"Love tells me I am everything; wisdom tells me I am nothing; In between the two, my life flows."


  • Practice, Part III

    I had promised a continuation of practical considerations for “Practice,” and will outline, in this post, the dimensions of relationship and resources. Let’s begin with resources.

    Depending on where we live, who we are, and what our extended community is like, we may have so many options for classes and workshops and teachings that our head spins and we feel either blessed or indecisive, or a curious mix of the two. We may have especially chosen a city or group that connects us to our own most intimate dreams and ambitions, or we may feel out of place and isolated in the culture we are surrounded by. My experience is that we play a decisive role in our experience through the seeds of intention we plant and the “samskaras” or karmic baggage we carry. In my mind, one’s karma is also one’s dharma, and the obstacles and difficulties in our path are also our greatest tools and gurus. With that as an essential principle, there are also the day to day questions of whether we practice at home or in a group setting, of whether we subscribe to “Yoga Journal” or attempt to decipher the plethora of ancient texts, of whether we embrace contemporary innovations on practice or seek the source. My guidelines for making the best use of our resources can be summed up in three words: simplicity, humility, and gratitude. Whether you are setting aside time to notice how different gestures (mudras) of the hands correspond to different states of mind, or chanting, or mastering a certain sequence of poses, practicing simplicity, humility, and gratitude will prime you to receive what you need, and let go of what doesn’t serve you – to be in a balanced relationship between being and doing.

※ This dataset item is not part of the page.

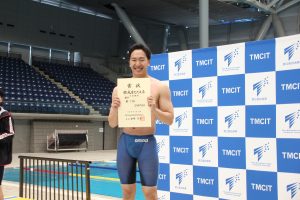 男子100mﾊﾞﾀﾌﾗｲ優勝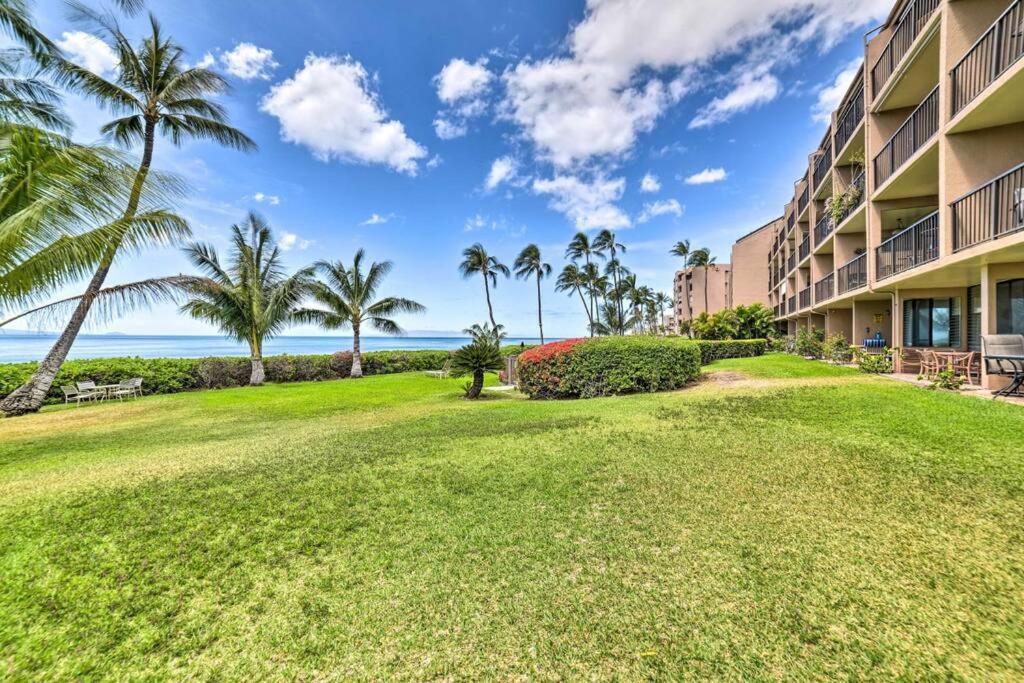 Stunning Maui Direct Ocean Front On The Beach, Walk To Beach From Condo, Watch Turtles, Whales, Ac In All Rooms Ocean View Pool And Spa Wailuku Kültér fotó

    This is a good segue for our next consideration which is just that – “relationship.” One of my favorite teachers, Bonnie Bainbridge Cohen, once described “center” as “balance around an empty space.” Take a moment to contemplate that. There’s an intuitive knowledge there – a sense of both dynamism and receptivity, of nothingness and miraculous creation.

    To consider our relationship with practice brings up some big questions – “What are we striving for?” “Are we able to be in the moment?” “Is the practice feeding our body, our mind, our soul, our spirit, or all of the above?” “Are we only doing what we are doing because everyone else is doing it, and if so, is that o.k.?” “Is our relationship with our practice – transactional, rooted in transmission, or a failure of imagination?” In most cases, it is enough to begin to ask – to be with our questions with care and curiosity, rhythm and devotion. As we ask and open ourselves to finding out, we realize how powerful our choices and our beliefs are, and our practice becomes an affirmation of our authenticity and value – our core beauty and goodness.